Under the stewardship of its Secretary General, Irvin Jim, the National Union of Metal Workers South Africa (NUMSA) has long been on a concerted drive to recruit more members, at times at the expense, and to the annoyance, of its then COSATU affiliate, the National Union of Mineworkers (NUM). COSATU had a long-standing policy of one trade union per sector and, according to NUMSA’s constitution, it was limited in its scope to the metal industry. That notwithstanding, NUMSA began recruiting members in other sectors. In the end, NUMSA left COSATU and was one of the founding unions of a new federation being the South African Federation of Trade Unions (SAFTU). NUMSA continued to recruit in other sectors despite being constitutionally limited in its scope to the metal industry.

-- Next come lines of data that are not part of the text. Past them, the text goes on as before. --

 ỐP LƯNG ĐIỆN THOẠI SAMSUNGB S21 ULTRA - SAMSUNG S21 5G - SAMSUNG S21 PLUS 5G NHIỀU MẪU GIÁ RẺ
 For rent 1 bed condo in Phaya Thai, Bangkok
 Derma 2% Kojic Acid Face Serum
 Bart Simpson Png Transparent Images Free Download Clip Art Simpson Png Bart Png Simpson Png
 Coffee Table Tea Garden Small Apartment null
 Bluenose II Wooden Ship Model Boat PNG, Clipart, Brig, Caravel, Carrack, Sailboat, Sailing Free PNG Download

In the course of its recruitment drive, NUMSA approached Lufil Packaging (an employer who manufactures printed and plain paper bags and associated paper-derivative based packaging) requesting Lufil Packaging to grant it organisational rights in the workplace. Lufil Packaging refused to grant NUMSA organisational rights on the grounds that Lufil Packaging’s employees fell outside the defined scope of NUMSA’s constitution. The Constitutional Court was ultimately called upon to decide the question whether a trade union can admit as members, and receive organisational rights for, employees who do not fall within the scope of that trade union’s constitution. Lufil Packaging contended that NUMSA is bound by its constitution and may not recruit and/or admit employees that fall outside the scope of its constitution. On the other hand, NUMSA argued that the interpretation of the law as proposed by Lufil Packaging would unjustifiably and unreasonably infringe on the workers’ constitutional rights to freedom of association and right to fair labour practices.

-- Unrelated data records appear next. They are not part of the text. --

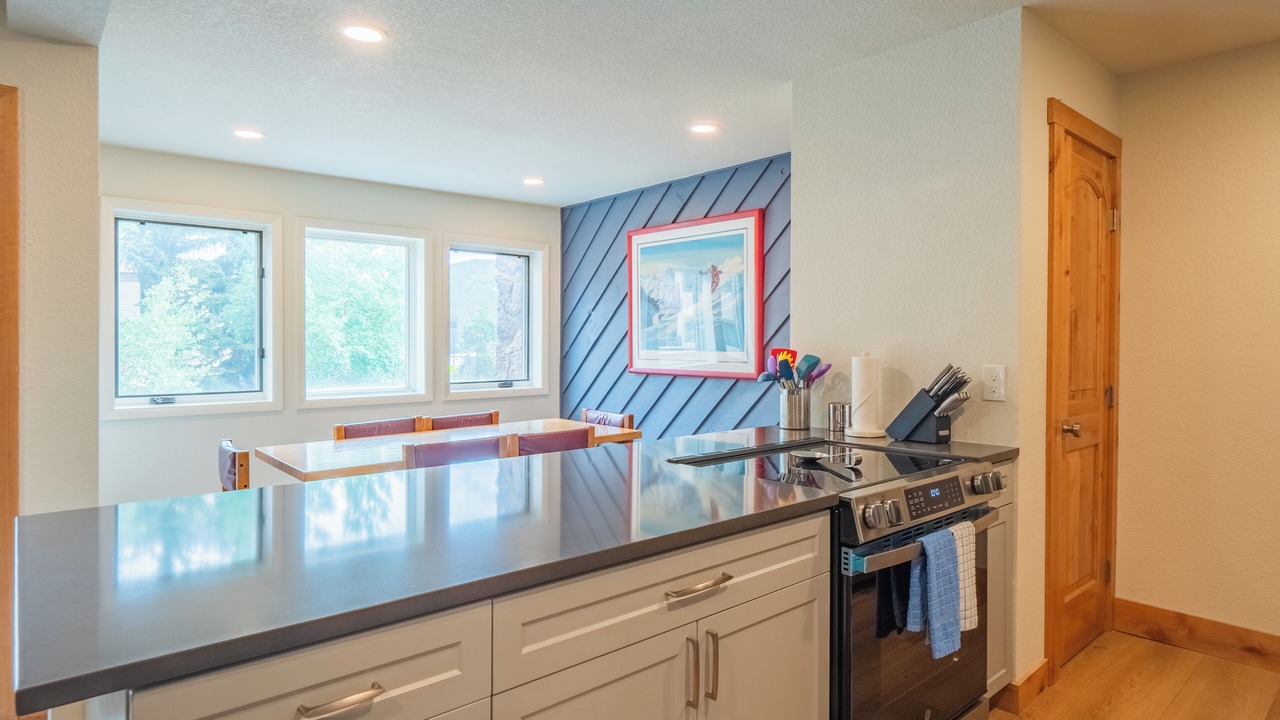 Photo of Kitchen in Historic District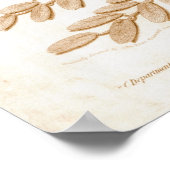 1818年独立宣言 ポスター (角)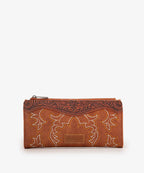 Wrangler Embroidered Boot Scroll Tote Bag Collection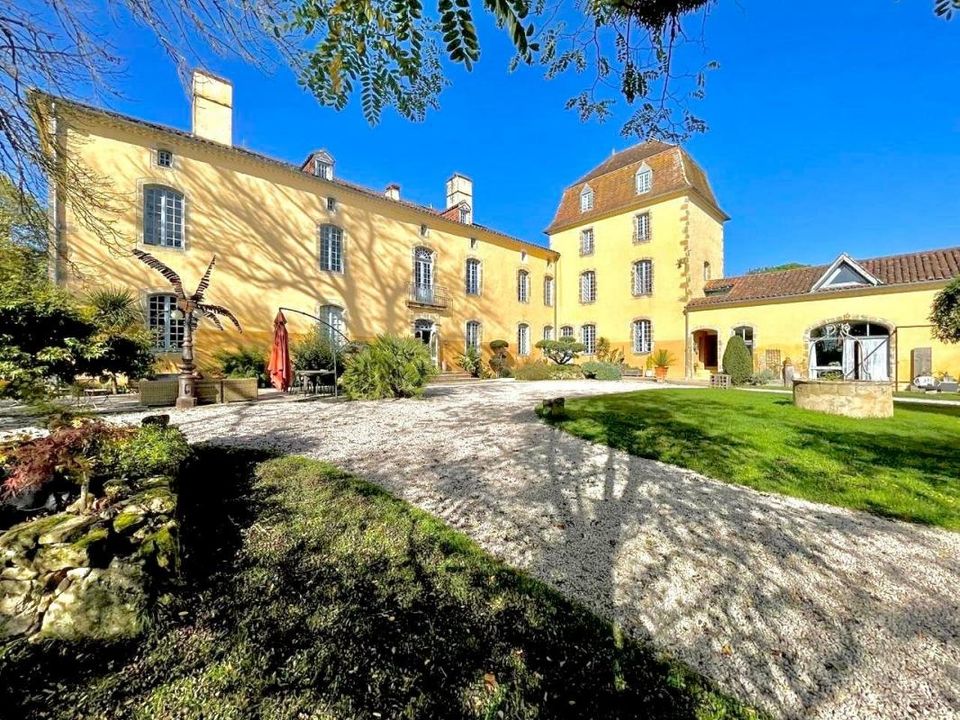 Villa i Marciac, Gers - foto 1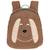 Sac à dos Tiny Team Chien Beige+Marron 7 - vertbaudet enfant 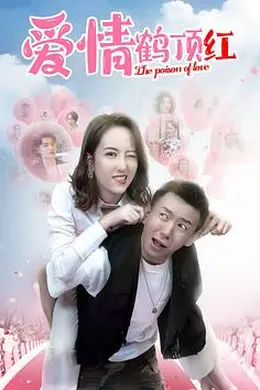 爱情鹤顶红封面图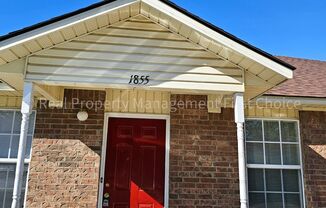 Nice 3 Bedroom/2 Bathroom Duplex off Jenny Lind Rd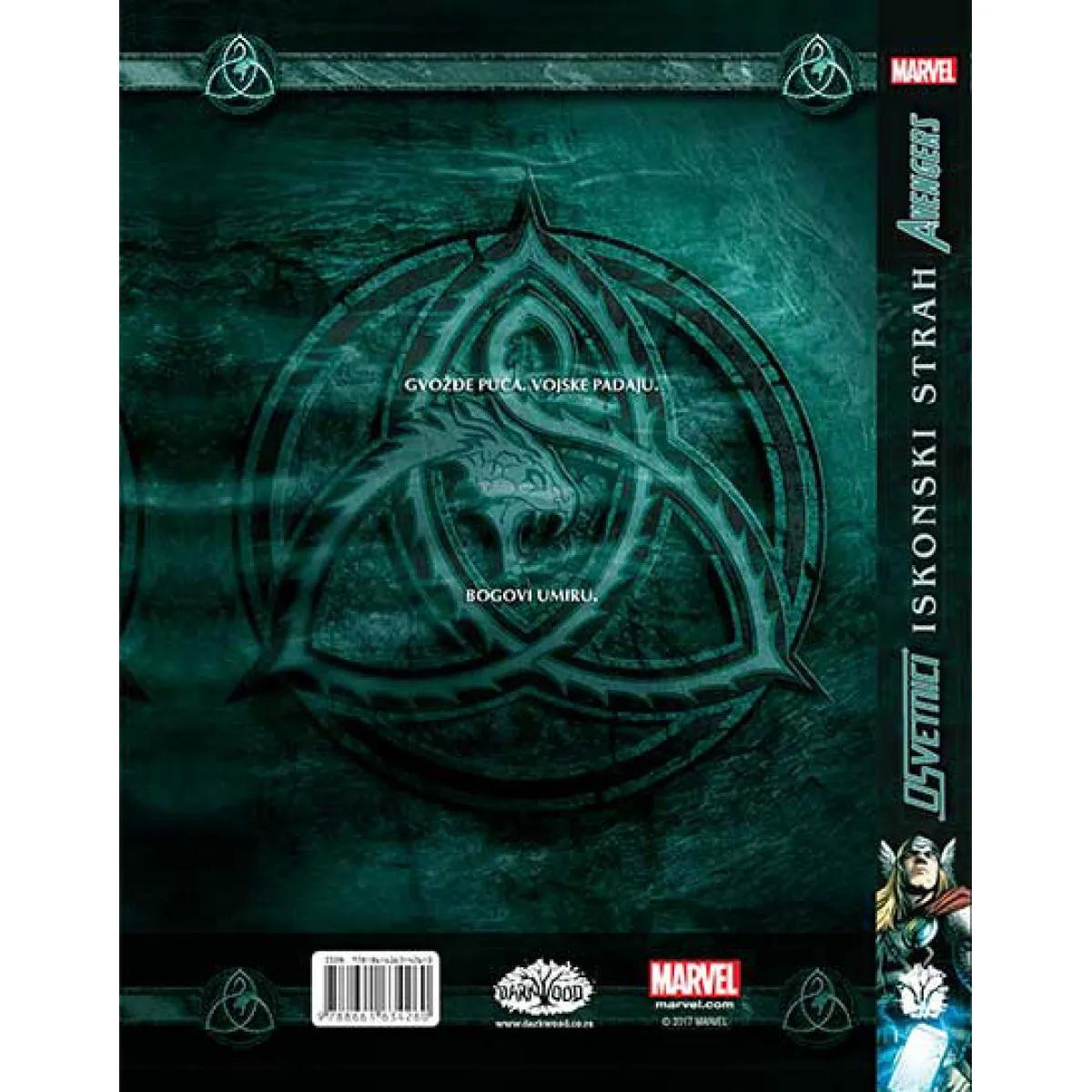 OSVETNICI Iskonski strah 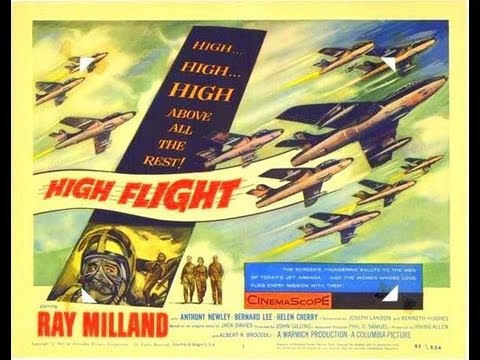 High Flight - 1957 RAF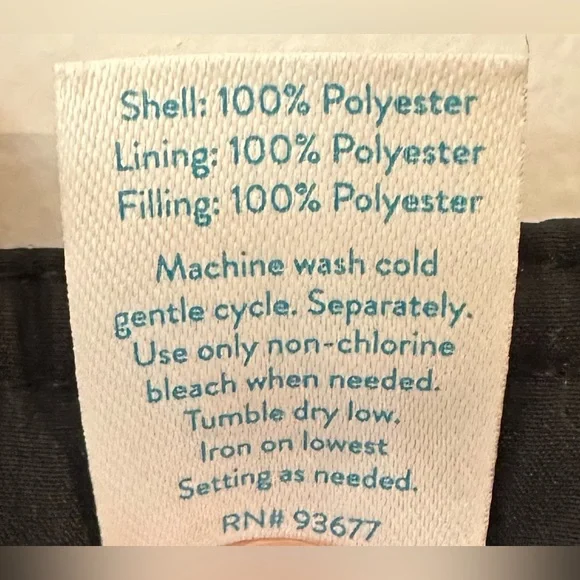 Thereabouts Toddler Unisex Black Snow Bibs NWT Various Sizes - Picture 7 of 9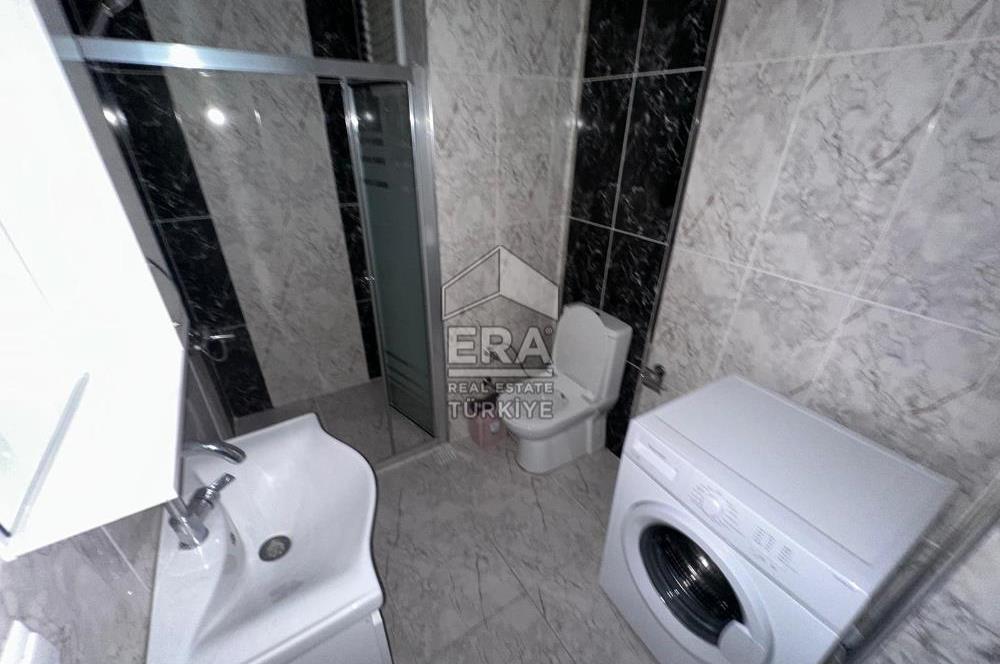 ERA PORT GÜVENCESİYLE NEF ARKASI 1+1 EŞYALI KİRALIK DAİRE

The Court noted that the right to associate is not a unilateral right and that NUMSA’s decision to admit as members employees falling outside its scope, in violation of its constitution, may violate existing members’ rights to associate and disassociate. It is noteworthy that employers have the same right too.
In reaching its decision, the Court took into account inter alia the following factors:
The LRA makes it peremptory for unions, at their formation, to have a constitution to qualify for registration;
The union’s constitution constitutes the agreement which is entered into by its members and is legally binding on them; and
The qualification for, and admission to, membership is subject to the union’s constitution as defined in section 95(5)(b) of the Labour Relations Act, 1996 (LRA).

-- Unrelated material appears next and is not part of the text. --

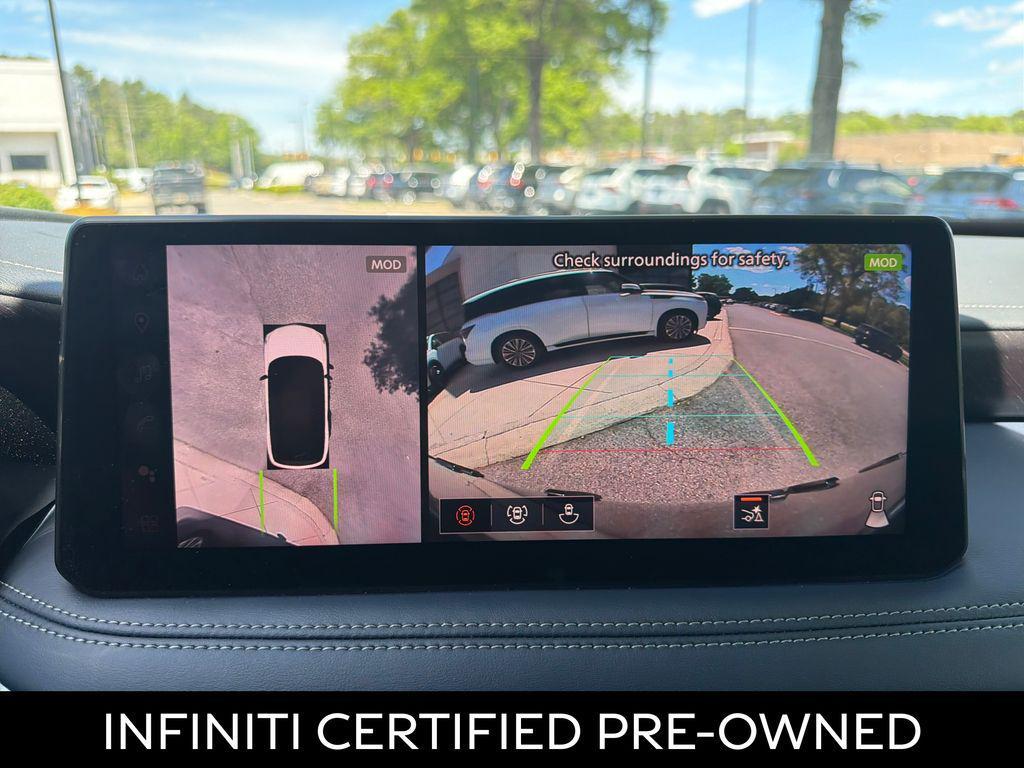 used 2026 INFINITI QX60 car, priced at $59,997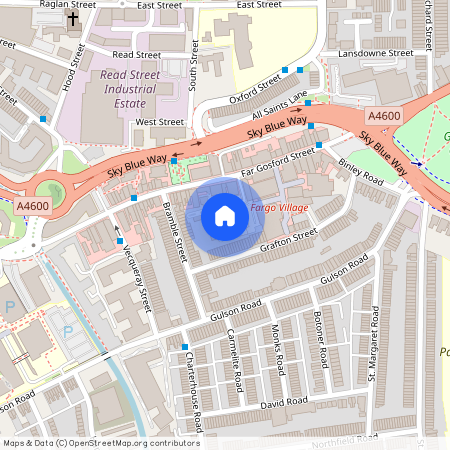 Kilby Mews, Stoke, Coventry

In the final analysis, the Court found that NUMSA is bound by its own constitution and that it has no powers beyond what its constitution provides. It therefore refused NUMSA’s claim for organizational rights.
This judgment emphasises the binding nature of constitutions of trade unions. Trade unions are bound by their own constitutions and may not act outside their provisions. Unions recruiting and admitting employees as members in breach of its constitution cannot rely on such members when establishing representativeness to demand organisational rights from employers. It is important therefore that, before conceding to a claim for organizational rights, employers should ensure that trade unions are permitted by their constitution to recruit and admit members in their workplace.
Trade unions are also not without a remedy, should they wish to recruit and admit members outside of their constitutionally defined scope. In terms of section 101(1) of the LRA, a union may amend its constitution in order to widen its scope.